*Your task:* When the line with "Staple Dresses" comes up, set it down and every later line to the end of the data, exactly and without pictures.

:: Supplied material

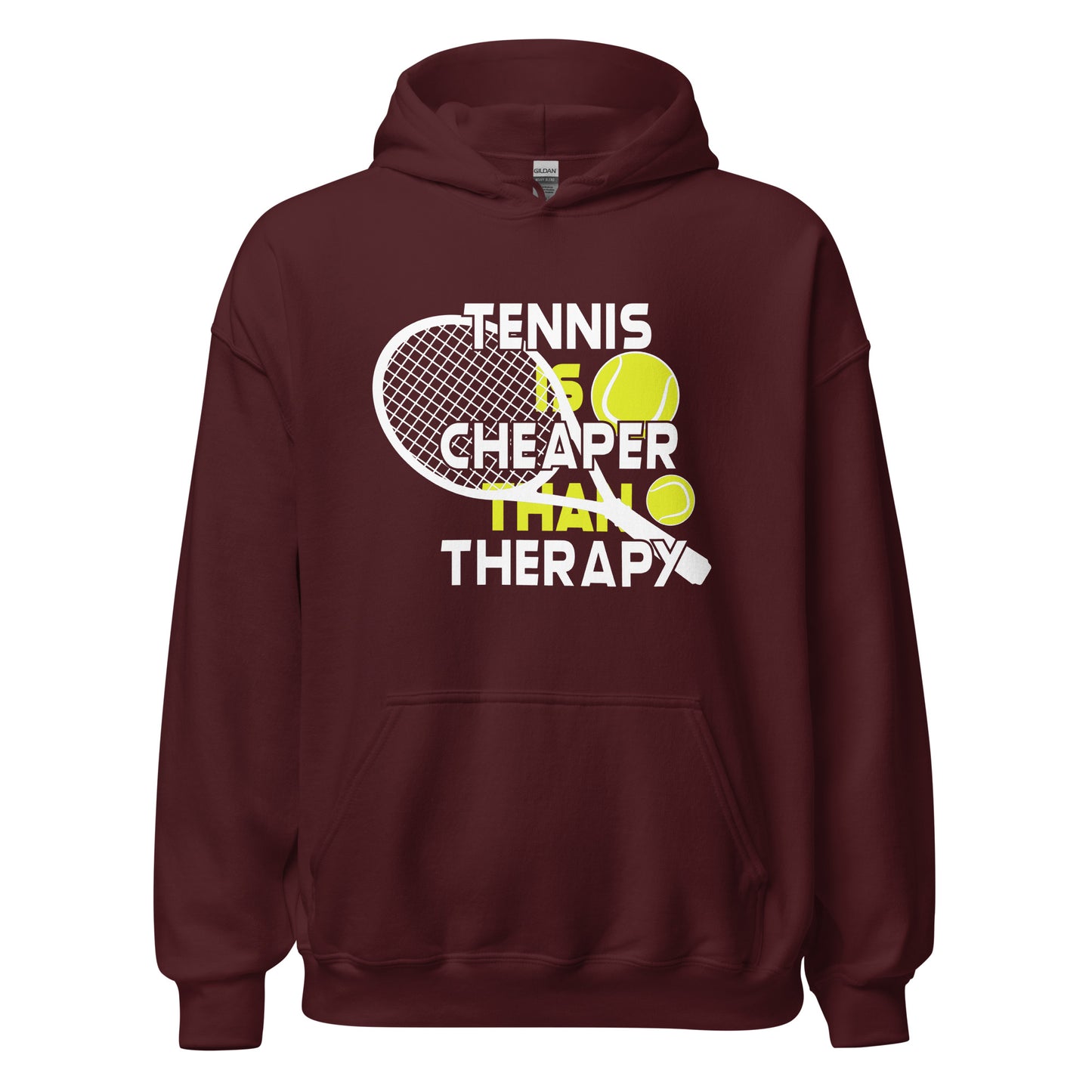 cheaper than therapy | Hoodie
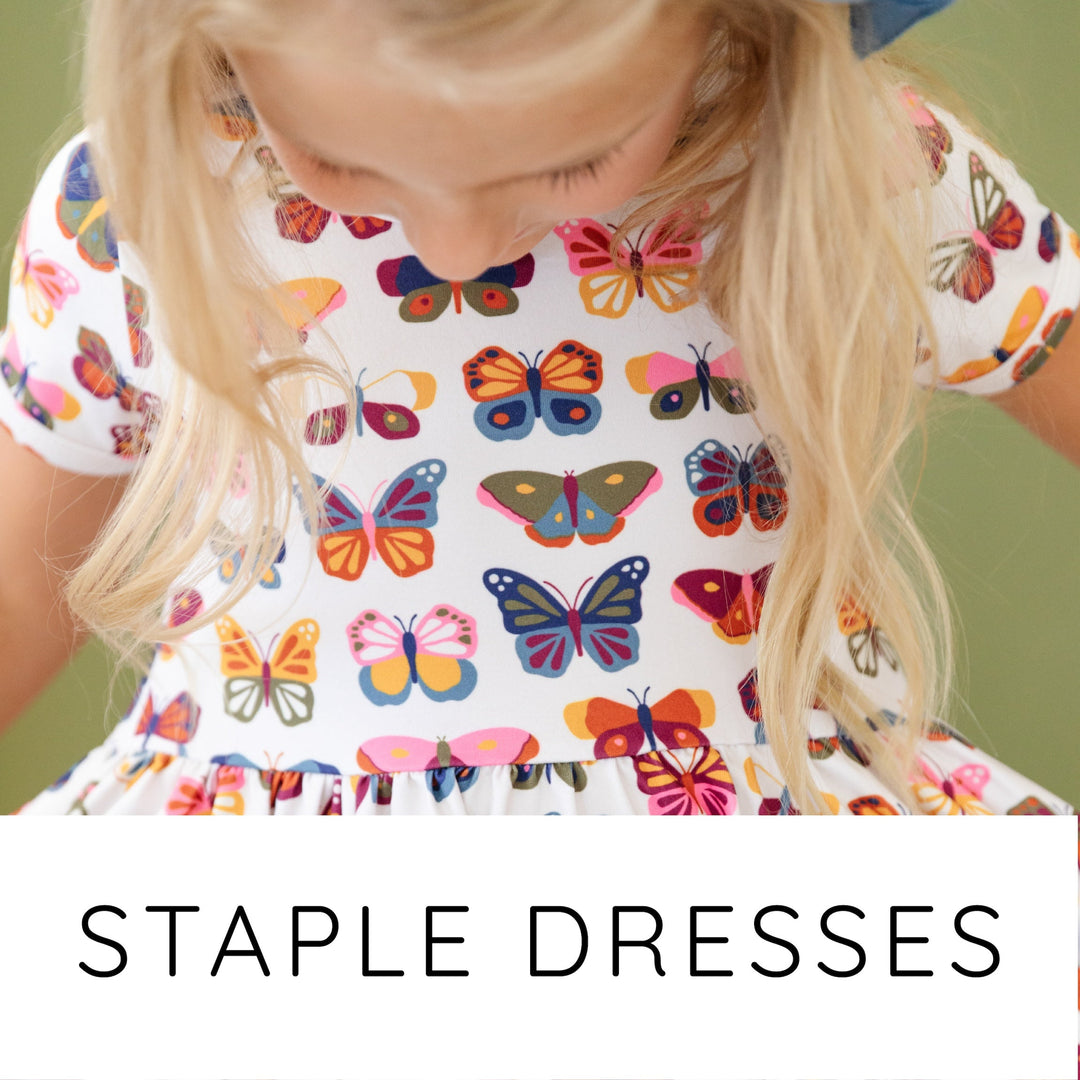 Staple Dresses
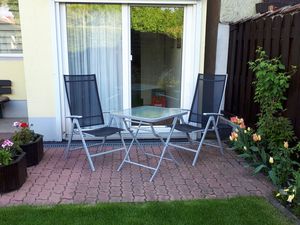 Ferienwohnung für 2 Personen (50 m²) in Wernigerode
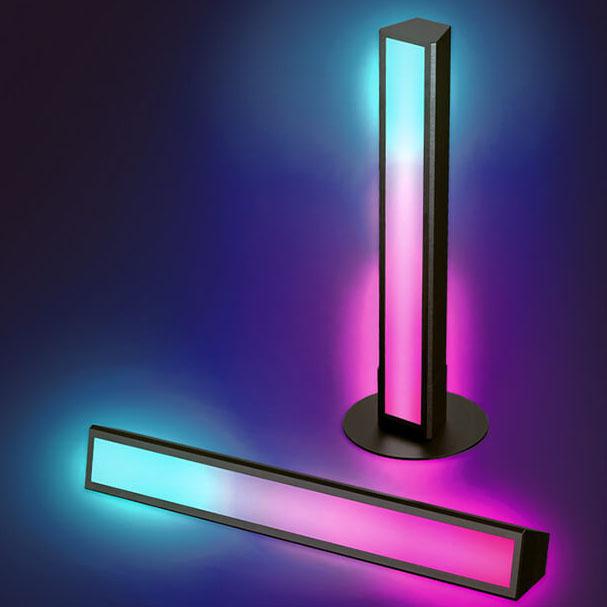 Long Strip RGB Table Lamp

::::

*Response area:*
 Staple Dresses
 Ferienwohnung für 2 Personen (50 m²) in Wernigerode
 Long Strip RGB Table Lamp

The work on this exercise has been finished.